I filosofi del passato invece insegnavano soprattutto
col dialogo (Socrate, Platone), la scrittura infatti non può sostituire l’oralità
dialettica, in quanto il Filosofo deve poter comunicare il suo messaggio direttamente
ai cuori e alle menti, non scrivendolo e
cristallizzandolo su rotoli di carta, bensì dinamicamente dialogando con uomini
liberi. La scrittura, da alcuni secoli fondamentale mezzo di diffusione
culturale, nonché utile strumento didattico, non aveva in passato le medesima
valenza ed importanza che ha oggi e, come sottolinea causticamente Ananda Coomaraswamy, non inquinava
ancora l’anima umana e la sua capacità, ancora intatta, d’anamnesi del Sacro.
La trasmissione orale, l’insegnamento come trasmissione spirituale necessitano di attenzione, di presenza, di sacrificio.

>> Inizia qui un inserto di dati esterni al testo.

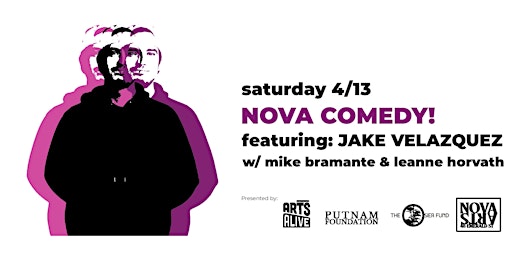 Primaire afbeelding van Nova Comedy featuring Jake Velazquez w/ Mike Bramante & Leanne Horvath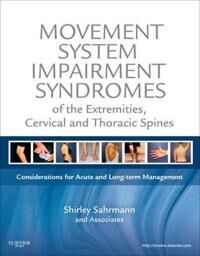 Sahrmann Shirley Movement System Impairment Syndromes of the Extremities Cervical and Thoracic Spines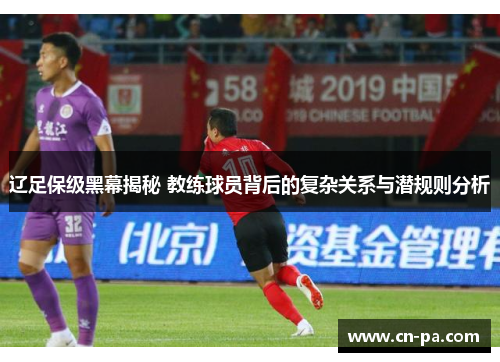 辽足保级黑幕揭秘 教练球员背后的复杂关系与潜规则分析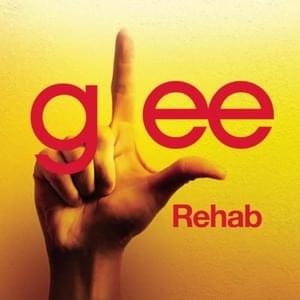 Rehab - Glee Cast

In noi, però, c’è un qualcosa che ostacola e
a cui ripugna la vera attenzione. Questo qualcosa è molto vicino al mistero del
male. Ecco perché ogni volta che si presta veramente attenzione si distrugge un
po’ di male in se stessi. Non solo l’amore di Dio ha per sostanza l’attenzione, della stessa sostanza è
fatto l’amore per il prossimo: uno sguardo attento, con il quale ci si svuota
completamente di sè per accogliere la
persona che si sta guardando così com’è, in tutta la sua verità. Di un simile
sguardo è capace solo colui che sa prestare attenzione.
L’Educatore
come Profeta:
rischiosa e provocatoria proposta, quella di Meluzzi, in questa epoca di falsi profeti,
ma decisamente necessaria in questa
nostra epoca confusa. La maieutica non
basta, è necessaria anche una funzione profetica, e quindi di vocazione, di
missione, da parte dell’educatore.
Il
profeta è colui che testimonia a nome di Dio, non solo a parole ma anche con le
proprie opere: il profeta educatore è inevitabilmente un “santo”, quantomeno nella sua fermezza di affidarsi a Dio e a trasmettere
ai giovani tale fede
( l’esempio è nella kenosis del Dio che si fa uomo per ricordarci la nostra natura
divina).
Dinnanzi a famiglie che tendono sempre più a
delegare alla scuola l’educazione dei propri figli, ecco oggi l’enorme
l’importanza dell’educatore, ma è dalla famiglia che dovrebbe partire la semina
educativa. Nel capitolo ‘Quale famiglia’ è colta l’illusione
moderna del sistema egoistico, passionale e interessato di coppia che ha
sostituito quello tradizionale, disinteressato e progettuale di famiglia. La
presenza e la relazione coi propri figli è fondamentale per la loro maturazione
etica.
La persona dell’altro è mistero, e per
incontrarlo è necessaria umiltà, mitezza e fraternità . Il processo educativo
si coniuga quindi attraverso l’Amore (un amore che neanche Dio può imporre) nell’incontro con l’altro, che implica e
necessita l’avvicinamento all’Altro.